In deze zaak vordert eiser, een schoonmaker, betaling van achterstallig loon en een eindejaarsuitkering van zijn werkgever, Volendammer Schoonmaakbedrijf Succes B.V., na een periode van ziekte. Eiser is op 6 juli 2009 in dienst getreden en is op 22 februari 2011 wegens ziekte uitgevallen. Hij stelt dat Succes niet het loon heeft doorbetaald waar hij recht op heeft volgens zijn arbeidsovereenkomst en de geldende cao. De kantonrechter moet beoordelen of Succes aan zijn verplichtingen heeft voldaan, waarbij de arbeidsomvang, het dagloon en de opbouw van vakantiedagen ter discussie staan.

De kantonrechter overweegt dat de cao bepalend is voor de uitkering van loon bij ziekte. Eiser stelt dat hij meer uren heeft gewerkt dan de 38 uur per week die Succes hanteert, maar de kantonrechter oordeelt dat hij onvoldoende bewijs heeft geleverd voor deze claim. De werkgever heeft de uitkering van 90% van het loon tijdens ziekte correct berekend, aangezien eiser op de eerste ziektedag nog geen twee jaar in dienst was. Ook de opbouw van vakantiedagen wordt besproken, waarbij de kantonrechter concludeert dat eiser in 2011 geen vakantiedagen heeft opgebouwd volgens de cao.

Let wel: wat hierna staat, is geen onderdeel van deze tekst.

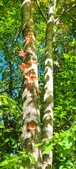 Enlarge photo 161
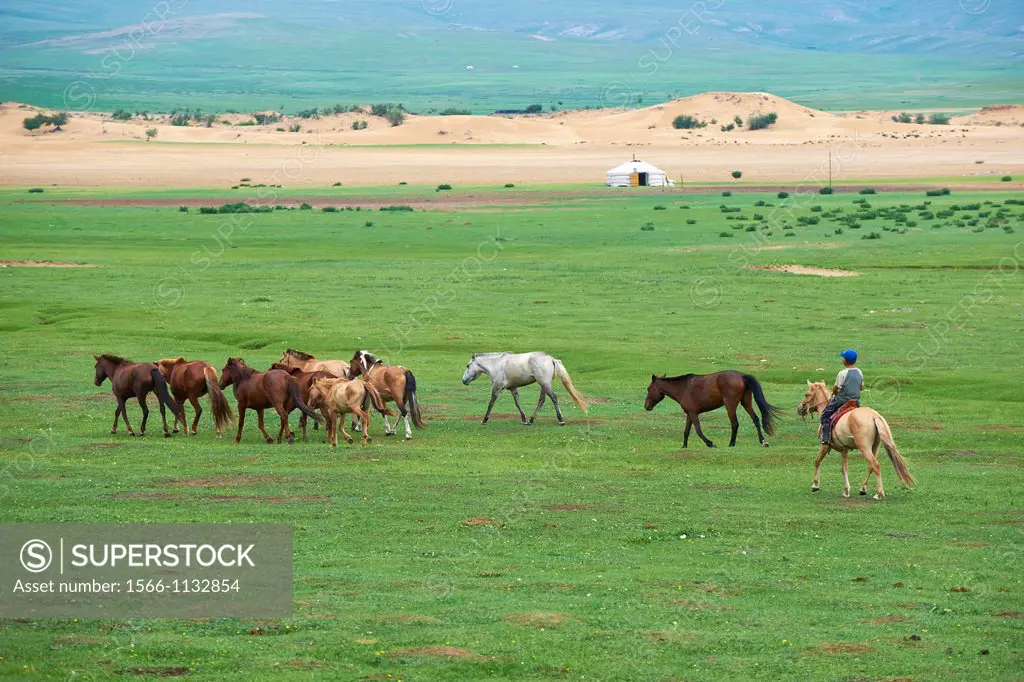 Mongolia, Bulgan province, Bathan national park, sand dune, Rallying of horses drove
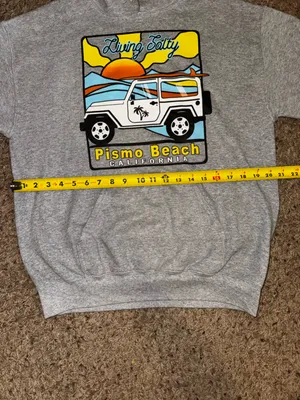 Pismo Beach 'Living Salty' Graphic Hoodie - Gray with Yellow & Blue size Medium thumbnail 6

Uiteindelijk wijst de kantonrechter de vorderingen van eiser af, inclusief de vordering tot betaling van de eindejaarsuitkering, en veroordeelt eiser in de proceskosten. De uitspraak is gedaan door kantonrechter J.J.M. de Laat op 8 juni 2016.

Uitspraak

RECHTBANK MIDDEN-NEDERLAND

Civiel recht
kantonrechter
locatie Utrecht
zaaknummer: 4636953 UC EXPL 15-18496 JES/1267
Vonnis van 8 juni 2016
inzake
[eiser],
wonende te [woonplaats] ,
verder ook te noemen [eiser] ,
eisende partij,
gemachtigde: mr. J. El Haddouchi,
tegen:
de besloten vennootschap
Volendammer Schoonmaakbedrijf Succes B.V.,
gevestigd te Volendam,
verder ook te noemen Succes,
gedaagde partij,
gemachtigde: mr. J.C.I. Veerman.

1.De procedure

1.1.
Het verloop van de procedure blijkt uit:
- de dagvaarding
- de conclusie van antwoord
- de conclusie van repliek
- de conclusie van dupliek.
1.2.
Ten slotte is vonnis bepaald.

2.De feiten

2.1.
[eiser] is op 6 juli 2009 in dienst getreden van Succes, in de functie van schoonmaker. Op de arbeidsovereenkomst is de Collectieve Arbeidsovereenkomst in het Schoonmaak- en Glazenwassersbedrijf (hierna: 'de cao'), waardoor beide partijen gebonden zijn, van toepassing.
2.2.
Bij aanvang van de arbeidsovereenkomst is schriftelijk overeengekomen dat de arbeidsduur 25 uur per week bedraagt en de werktijden van 17:00 uur tot 22:00 uur zijn, vijf dagen per week.
2.3.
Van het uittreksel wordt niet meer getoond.